Asked for more details, he went on to say, “We’ve both matured in the 22 years since we worked together on Evil Dead 2. But we still have the same sensibilities. We still love the cheesy scares. This is back to traditional stuff. He wants to use animatronics, puppets, and dummy heads. In the first meeting I said, ‘You know we could potentially do a CGI implementation here,’ and he’s like, “Ahhhh! That CG stuff! Get that crazy crap out of here. We’re doing the practical stuff.’ So we’re designing rotting corpses, and we’re designing demon make-ups and possession make-ups. Sam is really receptive every single step of the way. It really raised my interest level and excitement about it because this is the guy who redefined the horror landscape.”
The precise design of the hellish terrors was kept under wraps, though Greg was open to describing the influences involved. “There’s a recurring theme that we utilize when we’re designing the characters. There are a lot of animalistic qualities to them. The Evil Dead movies were a lot more outrageous. We were going with demonic skulls and creepier things like that, especially in Army of Darkness. With this film, we went more with an animalistic approach in terms of sharpened teeth, animal eyes, and that sort of stuff.”
While the story itself may sound simple, it is bound to be all Sam Raimi. “You read the script and there’s a séance scene, and you’re like, oh yeah, there’s a bunch of people and floating candelabras and spooky wind blowing,” Greg laughs, “but then you watch the way he shoots it. He’ll clip the camera on one person and then travel the camera all around that person, and then zoom in, and then go to the next person and go all the way around again, and then the way he cuts it together, it’s just completely Sam.”
Raimi himself stopped to talk with us in between takes and gave us some insight on what to expect with this film in comparison to his classic favorites. “This is a PG-13 picture. So it’s a little less assaulting than the Evil Dead movies, which were unrated films. I’m really just out for the same thing. I’m just trying to make a horror movie that people go to, that they laugh at, that they think is suspenseful, they get excited about the action or exciting monster sequences, they get scared, they go ‘oh gross!’, and have those kind of funhouse reactions. So it’s the lower brow that I really enjoy working in.
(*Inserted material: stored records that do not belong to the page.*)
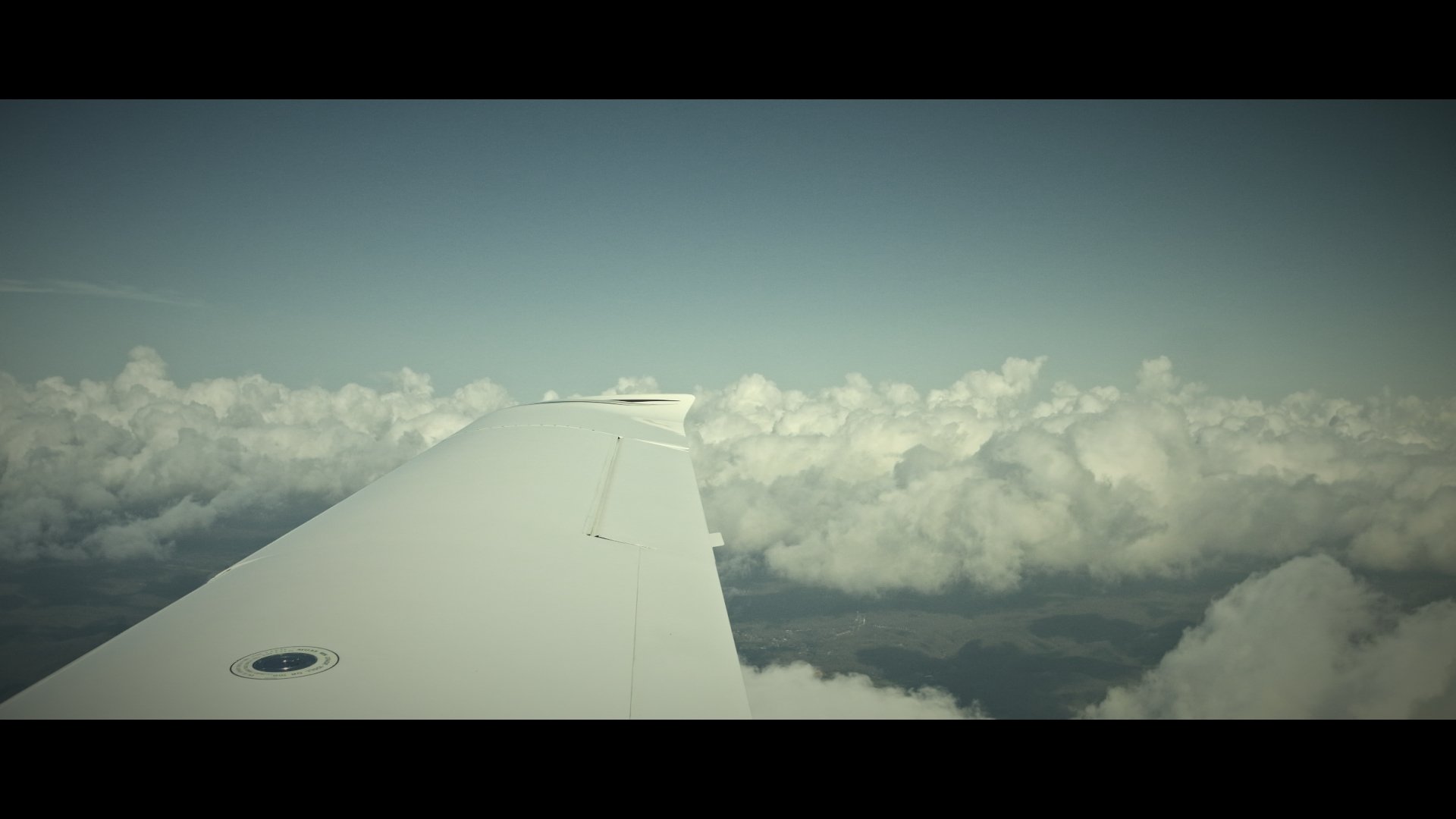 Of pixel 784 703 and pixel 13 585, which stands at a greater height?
pixel 13 585

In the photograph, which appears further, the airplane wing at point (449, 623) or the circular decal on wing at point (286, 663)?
the circular decal on wing at point (286, 663)

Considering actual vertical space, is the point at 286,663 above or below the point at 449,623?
below

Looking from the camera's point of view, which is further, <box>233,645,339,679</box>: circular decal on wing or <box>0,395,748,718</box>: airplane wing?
<box>233,645,339,679</box>: circular decal on wing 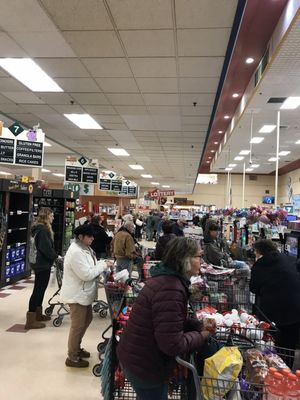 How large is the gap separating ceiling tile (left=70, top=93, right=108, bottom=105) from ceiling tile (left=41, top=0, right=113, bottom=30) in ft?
8.64

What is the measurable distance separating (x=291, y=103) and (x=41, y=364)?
584 centimetres

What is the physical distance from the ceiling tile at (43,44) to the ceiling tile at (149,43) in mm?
839

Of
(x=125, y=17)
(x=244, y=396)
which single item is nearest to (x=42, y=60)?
(x=125, y=17)

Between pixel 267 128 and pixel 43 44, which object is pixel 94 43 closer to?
pixel 43 44

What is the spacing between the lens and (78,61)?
221 inches

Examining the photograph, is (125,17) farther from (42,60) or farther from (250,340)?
(250,340)

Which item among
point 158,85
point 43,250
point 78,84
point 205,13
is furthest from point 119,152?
point 205,13

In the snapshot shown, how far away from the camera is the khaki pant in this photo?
13.0ft

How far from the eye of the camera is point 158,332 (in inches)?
77.4

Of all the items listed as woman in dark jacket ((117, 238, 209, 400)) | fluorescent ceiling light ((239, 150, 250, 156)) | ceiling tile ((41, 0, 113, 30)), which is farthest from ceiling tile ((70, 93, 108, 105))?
fluorescent ceiling light ((239, 150, 250, 156))

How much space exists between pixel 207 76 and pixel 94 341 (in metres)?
4.26

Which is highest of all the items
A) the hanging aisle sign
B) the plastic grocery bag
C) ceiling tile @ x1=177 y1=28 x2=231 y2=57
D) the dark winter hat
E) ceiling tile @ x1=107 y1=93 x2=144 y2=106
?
ceiling tile @ x1=177 y1=28 x2=231 y2=57

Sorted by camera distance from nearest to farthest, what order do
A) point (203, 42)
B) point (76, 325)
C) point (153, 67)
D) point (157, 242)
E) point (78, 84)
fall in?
point (76, 325) < point (203, 42) < point (153, 67) < point (157, 242) < point (78, 84)

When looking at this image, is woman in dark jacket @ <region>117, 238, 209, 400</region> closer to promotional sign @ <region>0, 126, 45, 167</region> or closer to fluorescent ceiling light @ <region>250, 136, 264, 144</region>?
promotional sign @ <region>0, 126, 45, 167</region> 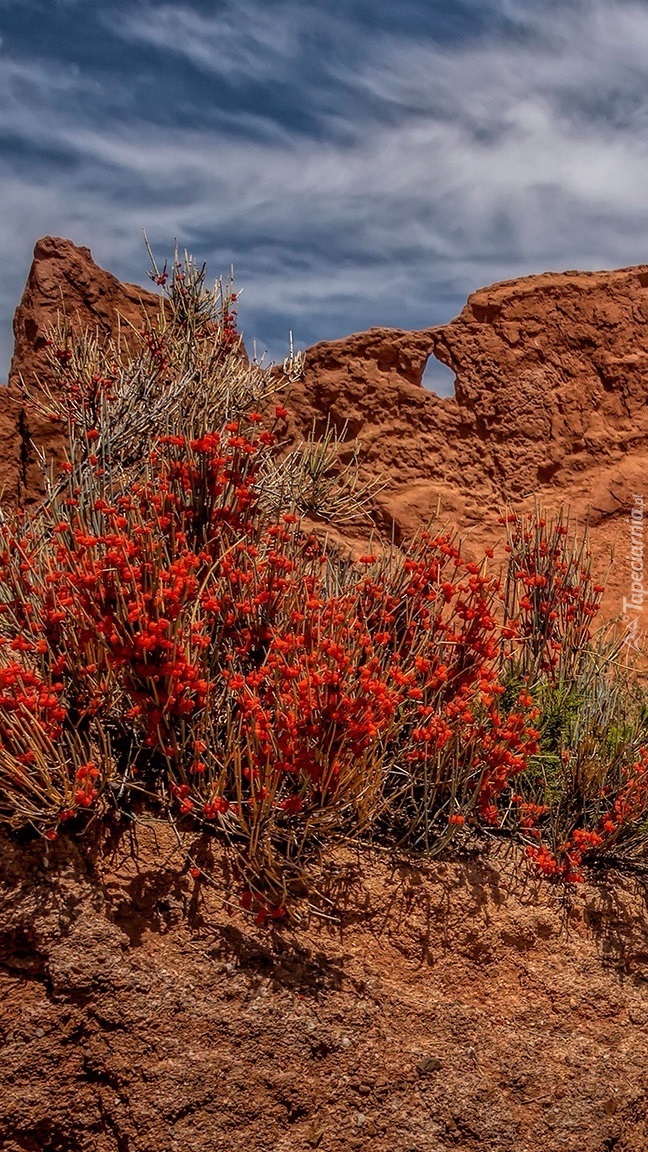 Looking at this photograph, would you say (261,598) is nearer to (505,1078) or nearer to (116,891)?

For me, it’s a great weight off of my shoulders.”
The nature of the curse haunting the young Christine Brown is no trivial affair, for this is the much feared, though little known, curse of the Lamia, a strange beast of mythological origins that had bad child-eating habits, hermaphroditic qualities, and removable eyes (which, on a side note of interest, makes the Pale Man from Pan’s Labyrinth another arguable appearance of the Lamia in modern film). The original tale, which involves a Libyan queen named Lamia who fooled around with Zeus and so contracted a rather grotesque curse from the eternally jealous Hera, goes well beyond the Greek. “There are other cultures that reference the Lamia as a demon,” Sam told us. “Sometimes it’s a female and a baby eater. There are a lot of different stories in different cultures about a spirit, or demon, or god known as Lamia. We read about them, and we were interested and excited and thought how interesting that this is a different creature in many different cultures that all know that name. We thought let’s call our creature the Lamia and take a little bit of all the different ideas that are presented in these reference books to these demons. Maybe they all have a piece of the truth, and maybe our story would be what it really was. We’re not really basing it on any specific culture’s version of that demon or god; we just took a little bit here or there and just pretended that they all got it wrong, and we got it right!”
We’re guessing you did, Sam, especially given our positive early review. Drag Me to Hell is scheduled to hit theaters on May 29, 2009. I can’t wait to see that title on a marquee. Good times.